Co-op Commissions on Short Sales
All MLS Participants and Subscribers are reminded that all offers of cooperative compensation offered through the MLS are unconditional. Compensation must be stated as a percentage of the gross sales price, or as a flat fee. The overarching rule is that the buyer's broker has a right to know what his/her commission will be before submitting an offer on the property. The one exception for short sales is found in MLS Rule 5.0.1 which states:

"Participants must disclose, in the appropriate data field, potential short sales when reasonably known to the listing participant. When disclosed, the listing participant may, at his/her discretion, advise other participants whether and how any reduction in the gross commission established in the listing agreement, required by the seller's lender(s) as a condition of approving the short sale, will be apportioned between the listing and cooperating participants. Such communication regarding the commission must be made in Agent to Agent remarks." (Emphasis added.)

The rule is very clear: in a short sale, the only potential difference from what is stated in the co-op field is any potential reduction made by the seller's lender. Any compensation offer that deducts any other fees (such as negotiator or attorney fees) is a violation of the cooperative compensation rules.

Using Negotiators
It's vitally important that all licensees, and especially brokers, who are dealing with short sales understand the limitations on unlicensed assistants, and the licensure requirements for third parties providing services between sellers and their lenders.

The Real Estate Division has been diligent is setting out its position on this issue in two key publications: its Position Statement and more recently in an Open House newsletter article.
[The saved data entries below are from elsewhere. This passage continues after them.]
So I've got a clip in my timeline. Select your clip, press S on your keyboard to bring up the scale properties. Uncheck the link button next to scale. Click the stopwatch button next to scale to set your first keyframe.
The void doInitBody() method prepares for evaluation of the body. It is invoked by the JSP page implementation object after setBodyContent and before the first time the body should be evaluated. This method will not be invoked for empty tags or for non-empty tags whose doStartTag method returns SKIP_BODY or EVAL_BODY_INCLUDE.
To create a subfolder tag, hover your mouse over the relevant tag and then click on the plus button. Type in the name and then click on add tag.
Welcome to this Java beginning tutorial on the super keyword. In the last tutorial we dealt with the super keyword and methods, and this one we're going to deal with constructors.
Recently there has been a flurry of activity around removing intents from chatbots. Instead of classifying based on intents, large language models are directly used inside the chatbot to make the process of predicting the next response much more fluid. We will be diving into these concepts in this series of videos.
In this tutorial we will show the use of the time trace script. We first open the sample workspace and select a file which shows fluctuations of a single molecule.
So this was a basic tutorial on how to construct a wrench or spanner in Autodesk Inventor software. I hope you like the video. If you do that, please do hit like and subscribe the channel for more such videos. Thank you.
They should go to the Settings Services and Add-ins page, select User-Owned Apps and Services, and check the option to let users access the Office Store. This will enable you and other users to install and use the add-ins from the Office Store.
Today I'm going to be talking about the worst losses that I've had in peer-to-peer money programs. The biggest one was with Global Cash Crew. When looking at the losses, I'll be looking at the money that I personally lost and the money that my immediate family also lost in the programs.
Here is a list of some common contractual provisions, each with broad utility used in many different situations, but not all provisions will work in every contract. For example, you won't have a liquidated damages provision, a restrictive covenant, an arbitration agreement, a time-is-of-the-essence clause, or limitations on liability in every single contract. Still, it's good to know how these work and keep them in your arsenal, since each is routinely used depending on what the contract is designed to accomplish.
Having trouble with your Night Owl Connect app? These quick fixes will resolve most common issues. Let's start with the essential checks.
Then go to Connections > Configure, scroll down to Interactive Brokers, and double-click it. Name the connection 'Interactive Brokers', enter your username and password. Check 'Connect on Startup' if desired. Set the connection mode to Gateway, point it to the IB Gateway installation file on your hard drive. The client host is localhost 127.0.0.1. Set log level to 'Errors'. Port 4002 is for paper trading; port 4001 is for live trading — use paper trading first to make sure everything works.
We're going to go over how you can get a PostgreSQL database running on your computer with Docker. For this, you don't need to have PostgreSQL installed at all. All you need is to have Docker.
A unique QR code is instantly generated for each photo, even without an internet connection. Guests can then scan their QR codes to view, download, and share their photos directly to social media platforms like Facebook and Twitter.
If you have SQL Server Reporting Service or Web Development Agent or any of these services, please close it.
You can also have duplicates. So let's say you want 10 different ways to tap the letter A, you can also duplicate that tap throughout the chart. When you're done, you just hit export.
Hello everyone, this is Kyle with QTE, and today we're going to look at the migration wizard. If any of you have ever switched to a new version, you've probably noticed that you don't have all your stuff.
To quote from that article, "If dealing with anyone other than the owner/seller or lender, it is incumbent on the agent to ensure that the person with whom the sale is being negotiated is, in fact, licensed by the Mortgage Lending Division."

REALTOR® may direct questions about these issues to the Division (486-4033) or the Legal Answerline (1-800-748-6999).

Fannie and Freddie HAFA
As a reminder, Fannie Mae and Freddie Mac each has its own HAFA short sale program which go into effect August 1, 2010. There are a few crucial differences in eligibility requirements, mainly that the seller must be reviewed for a modification through HAMP (Home Affordable Modification Program) before entering HAFA. Documents and forms for both Fannie and Freddie's programs are available in the Short Sale and Foreclosure Resource Guide.

HAFA and Divorce
Generally speaking, the borrowers whose names appear on the mortgage note must sign all HAFA documents. Questions have arisen when the borrowers are in the process of a divorce. Here is guidance straight from the Treasury's HAFA Directive:

"Unless a borrower or co-borrower is deceased or a borrower and a co-borrower are divorced, all parties who signed the original loan documents or their duly authorized representatives must execute the HAFA documents. If a borrower and a co-borrower are divorced and the property has been transferred to one spouse in the divorce decree, the spouse who no longer has an interest in the property is not required to execute the HAFA documents. Servicers may evaluate requests on a case-by-case basis when the borrower is unable to sign due to circumstances such as mental incapacity or military deployment."

The complete Directive is available in the Short Sale and Foreclosure Resource Guide.